***** Exercise materials *****

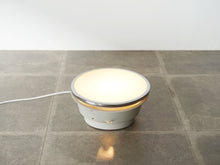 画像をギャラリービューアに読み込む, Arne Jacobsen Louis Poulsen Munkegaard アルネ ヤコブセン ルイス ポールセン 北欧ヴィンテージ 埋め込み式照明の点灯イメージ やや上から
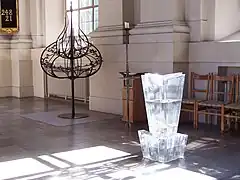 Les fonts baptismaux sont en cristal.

*****
***** Exercise materials *****

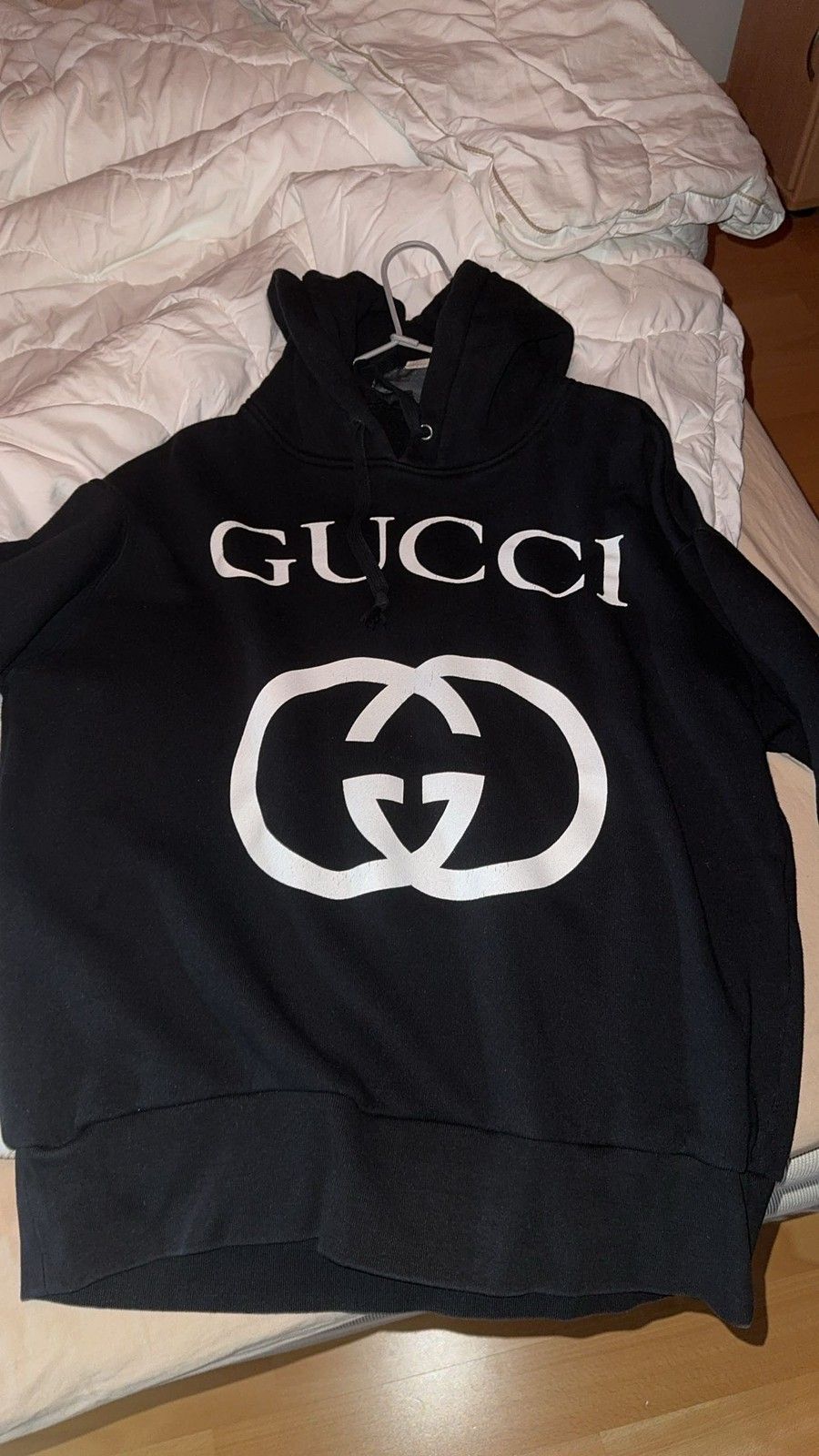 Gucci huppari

*****
***** Exercise materials *****

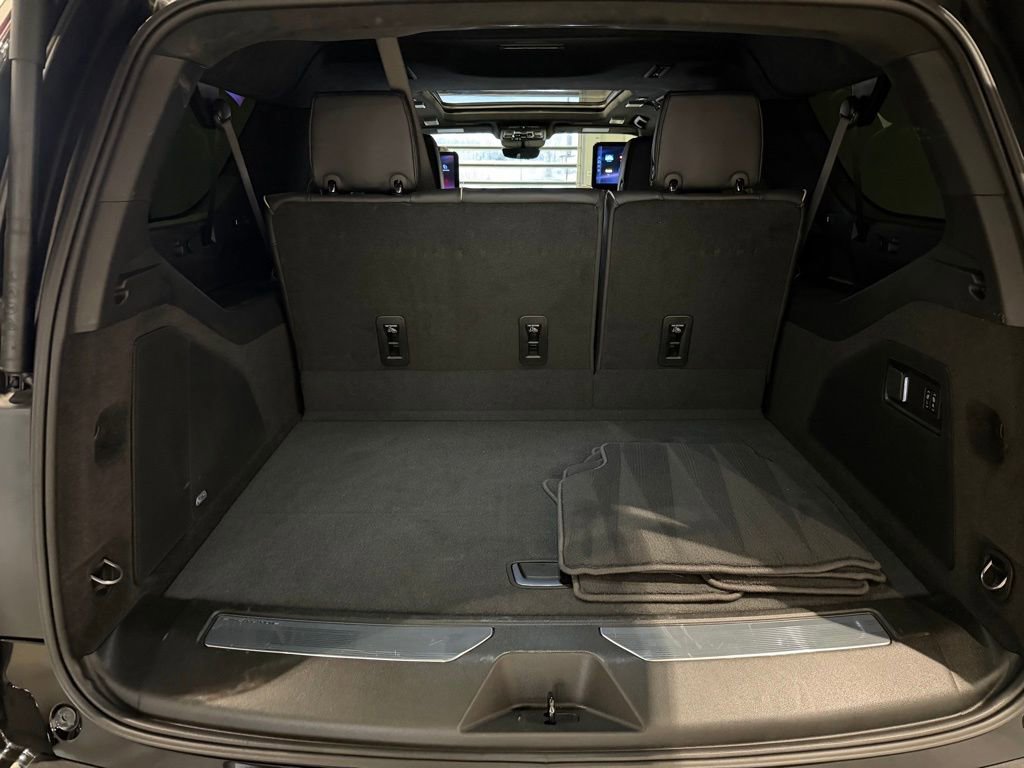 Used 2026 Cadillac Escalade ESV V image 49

*****

What to do: Beginning at the line above that contains "画像をギャラリービューアに読み込む, Arne Jacobsen", repeat each line exactly through the one that contains "Les fonts baptismaux sont en cristal.", and leave out the pictures.

Finished exercise:
 画像をギャラリービューアに読み込む, Arne Jacobsen Louis Poulsen Munkegaard アルネ ヤコブセン ルイス ポールセン 北欧ヴィンテージ 埋め込み式照明の点灯イメージ やや上から
 Les fonts baptismaux sont en cristal.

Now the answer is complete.